┌─ Dataset content

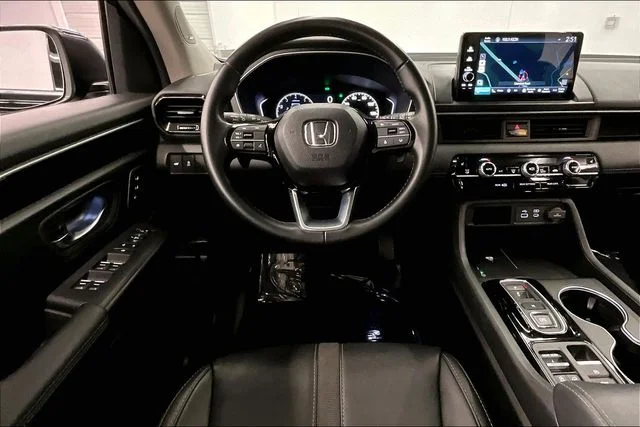 Used 2025 Crystal Black Pearl Honda Touring image 6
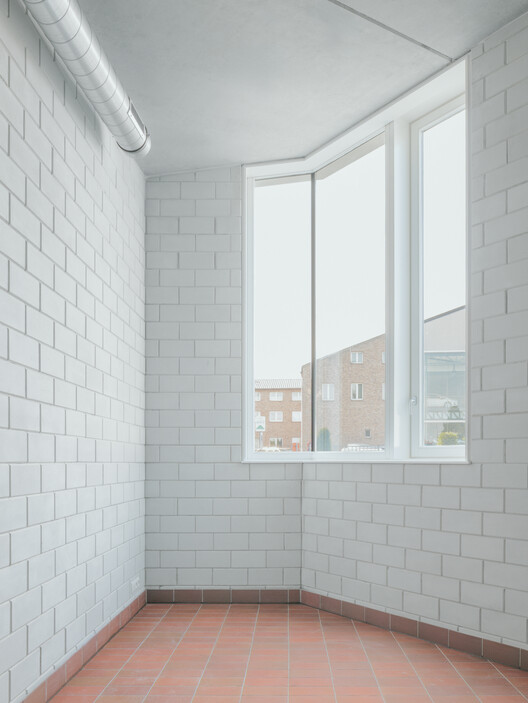 Youth Center Mena / fijn atelier + Studio Kloek Youth Center Mena / fijn atelier + Studio Kloek - Interior Photography, Brick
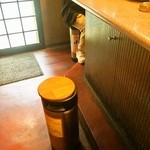 酒処 竹富 - 立ち飲み屋さんですが、年配者向けに、酎ハイタンク＆生ビールタンクを使った簡易椅子があります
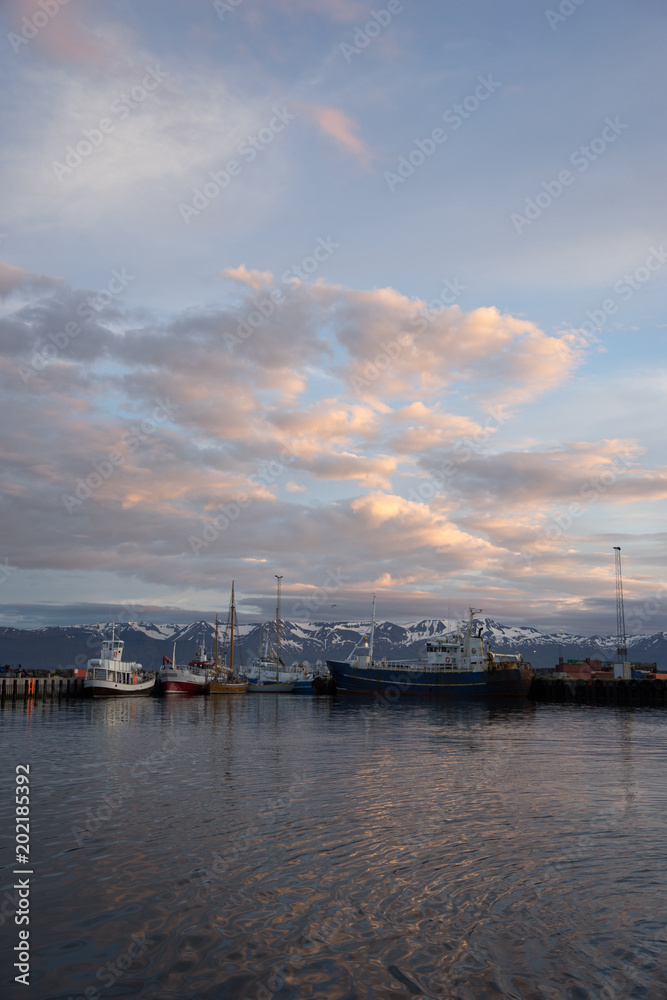 Mitternachtssonne über dem Hafen von Húsavík - Skjálfandibucht / Nord-Island 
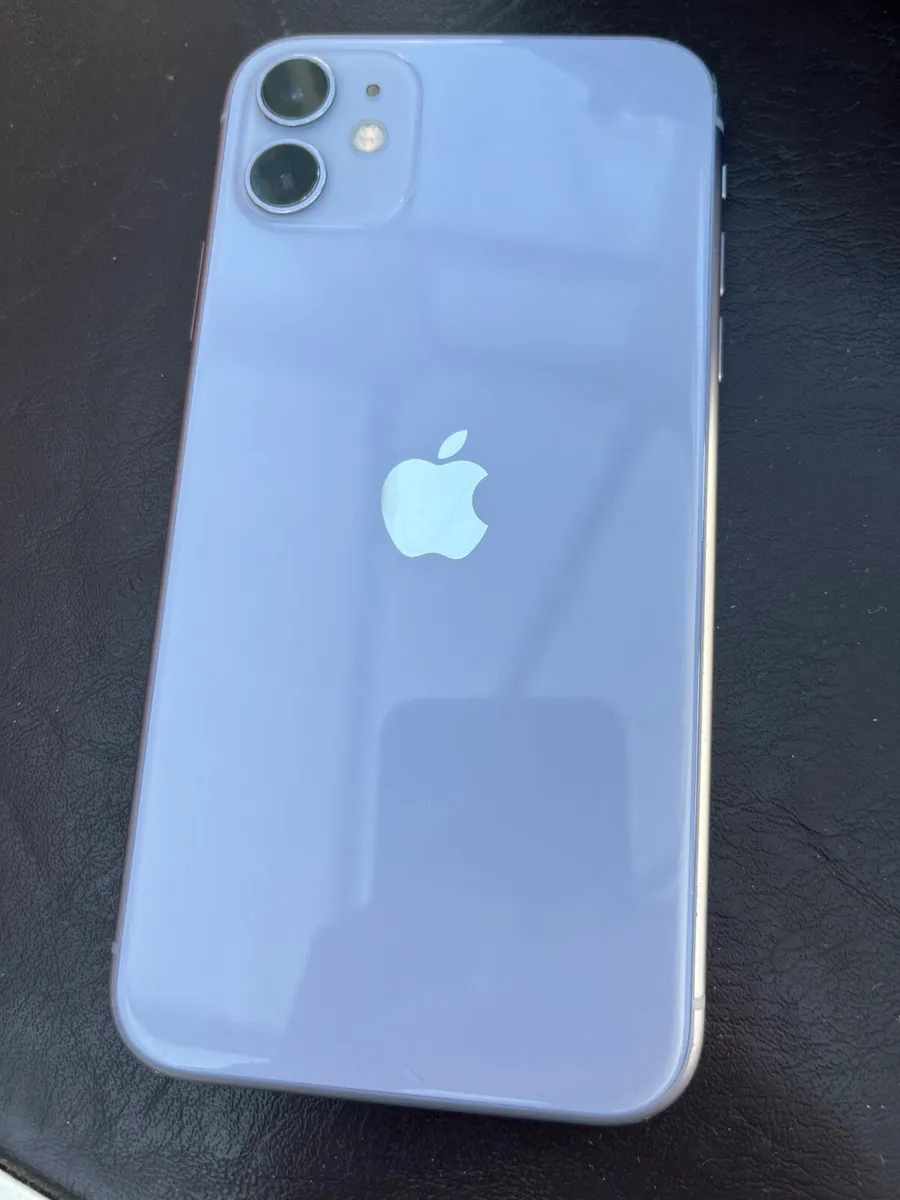 iPhone 11 - Image 1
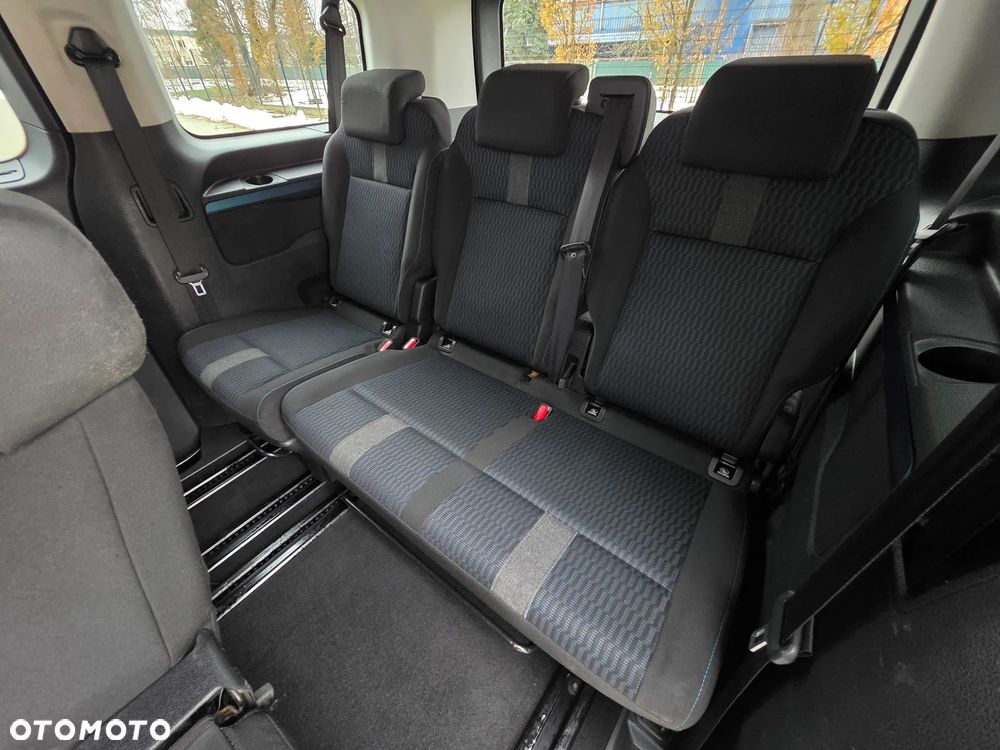Peugeot Traveller L2 2.0 Allure - 19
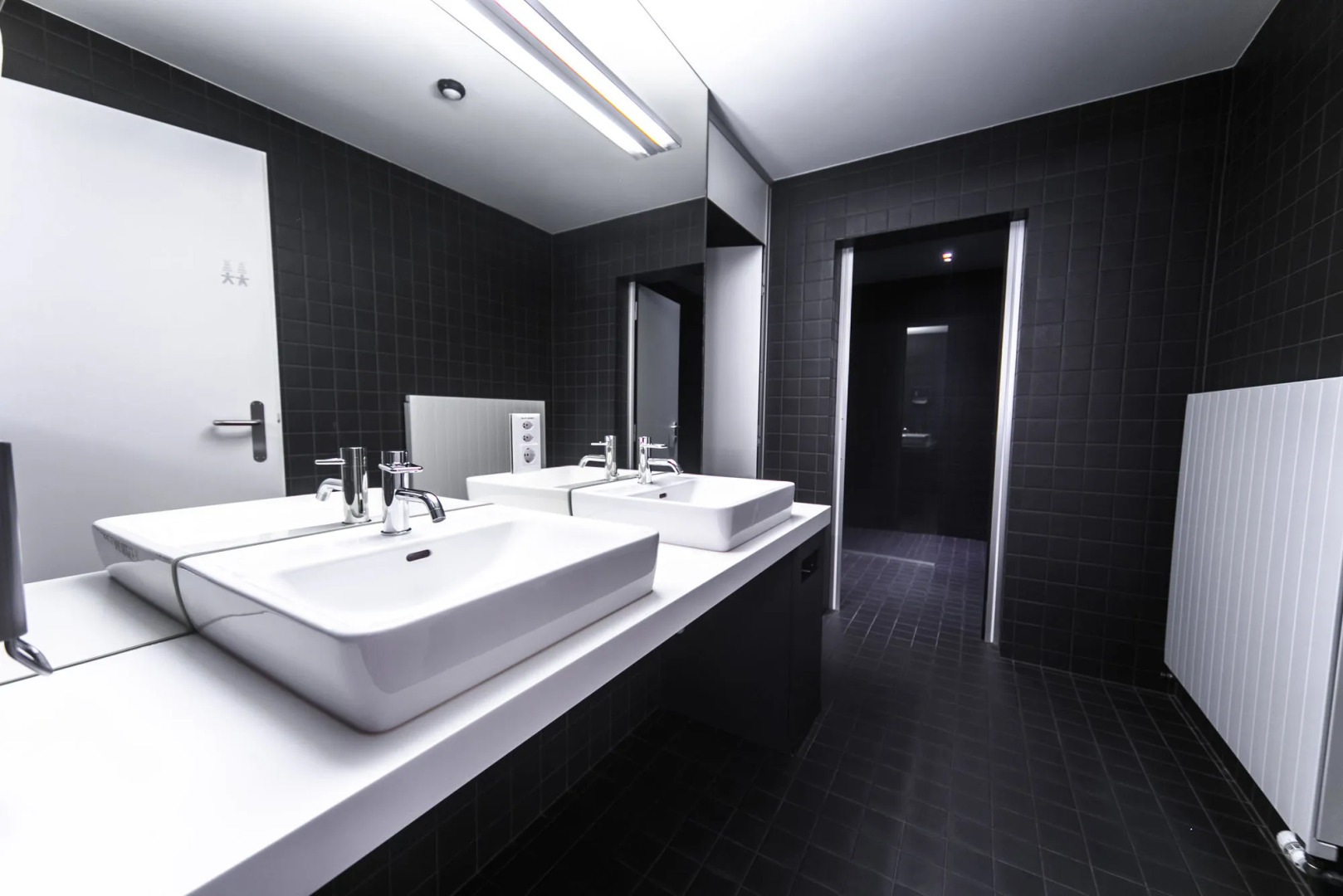 Hotel & Lounge by Hyve Basel SBB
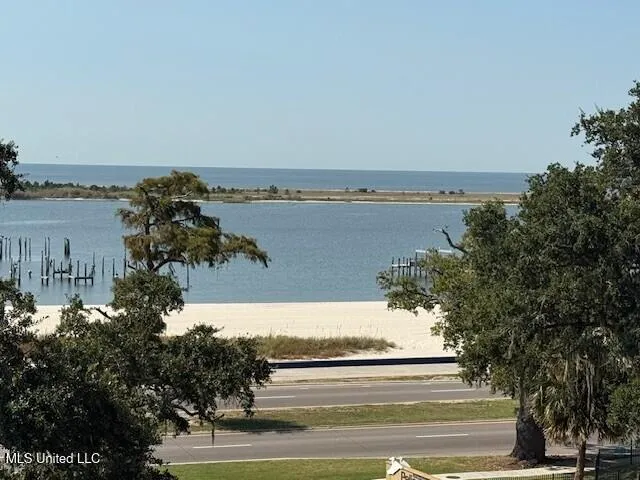 $1,800 | 520 Beach Boulevard, Unit 508, Biloxi, MS 39530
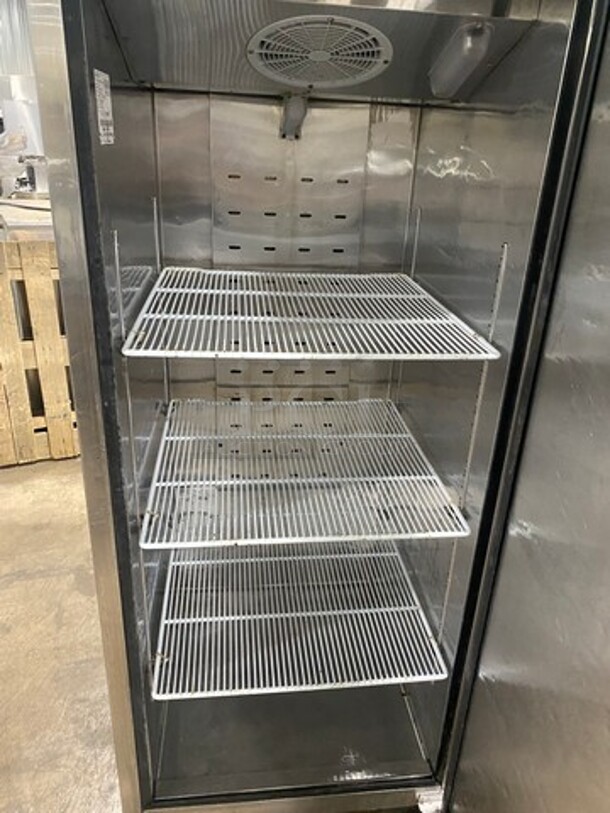 Migali Commercial Single Door Reach In Cooler! With Poly Coated Racks! All Stainless Steel! On Casters! Model: C1RHC SN: C1RHC00319012600920014 115V 60HZ 1 Phase - Image 5 of 9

└─

Each entry is to be transcribed verbatim, and any picture in it is to be skipped.

 Used 2025 Crystal Black Pearl Honda Touring image 6
 Youth Center Mena / fijn atelier + Studio Kloek Youth Center Mena / fijn atelier + Studio Kloek - Interior Photography, Brick
 酒処 竹富 - 立ち飲み屋さんですが、年配者向けに、酎ハイタンク＆生ビールタンクを使った簡易椅子があります
 Mitternachtssonne über dem Hafen von Húsavík - Skjálfandibucht / Nord-Island 
 iPhone 11 - Image 1
Peugeot Traveller L2 2.0 Allure - 19
 Hotel & Lounge by Hyve Basel SBB
 $1,800 | 520 Beach Boulevard, Unit 508, Biloxi, MS 39530
 Migali Commercial Single Door Reach In Cooler! With Poly Coated Racks! All Stainless Steel! On Casters! Model: C1RHC SN: C1RHC00319012600920014 115V 60HZ 1 Phase - Image 5 of 9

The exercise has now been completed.